From the error and your previous comment, it looks like you then need to load the xml2 library at the top of the script:

library(xml2)

I’m away from my computer today, but I can post the csv tomorrow if this doesn’t resolve the error.

Here is an updated script that installs and loads the xml2 package. Also, the data itself has commas, so I changed it to a tab separated text file. It should still import to Excel if you want that.

In case this script still doesn’t work, it’s here on Google Drive: canadian_contracts.tsv - Google Sheets

install.packages(“rvest”)
install.packages(“xml2”)
library(rvest)
library(xml2)
url = “2015-2016 - 4th Quarter (January to March) - Disclosure of Contracts - Proactive Disclosure - PWGSC
canadian_contracts ← read_html(url) %>%
html_nodes(“.wet-boew-zebra”) %>%
html_table()
write.table(canadian_contracts, “~/Desktop/canadian_contracts.tsv”,
sep=“\t”)

1 Like

Ok, so I was finally able to replicate this. Thanks! Realize now there were a few things I was getting stuck on. the %>% functionality was definitely one of those.

Is there a way to crawl pages multiple pages, like the parent page Reports - Disclosure of Contracts - Proactive Disclosure - PWGSC

There are thousands of these pages on various government sites.

Thanks!

Yes, you could crawl all these pages. I’m not sure there’s a simple way to do it generically for all the pages you mentioned. You may have to code a crawler individually for each page.

Basically, you would write a script that goes to the page with multiple links and saves that to an array. Then loop through the array with the script above (assuming the tables on each page have the same xpath address).

In most browsers you can find the xpath by right-clicking and selecting the appropriate option.

I have not dug in here in detail. @mgifford could you post an excerpt of the actual format in this thread …

My 2c is that the best scraping / parsing language for simple stuff is still python. But obviously it is usually best to go with whatever language you know well.

We are making some progress to parse this info. You can see our GitHub page here.

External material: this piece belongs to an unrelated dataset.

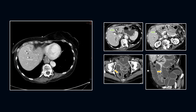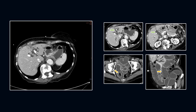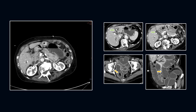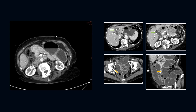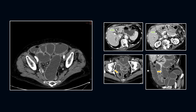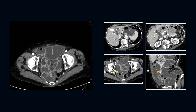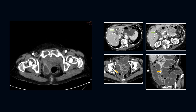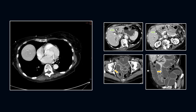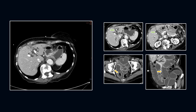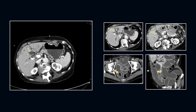On CT, the diagnostic signs include signs of small bowel obstruction, ectopic gallstone, and abnormal gallbladder either completely filled with air, showing an air-fluid level, or having fluid accumulation with an irregular wall.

We’re parsing both a list of all corporations as well as going through a list of over 100 or so sets of data with procurement in it. Much of the scraping of contracting was done in PHP.

We may well use Node.JS to do the parsing based on peoples experience in the team.

@ryan thanks again for your support with R. I kept hoping there’s be a simpler process.

@rufuspollock Trouble is that there is more than one. We’re building a local cache of HTML files which we will be working from. Our expectation is that it will be faster to do any work locally if the content is all there.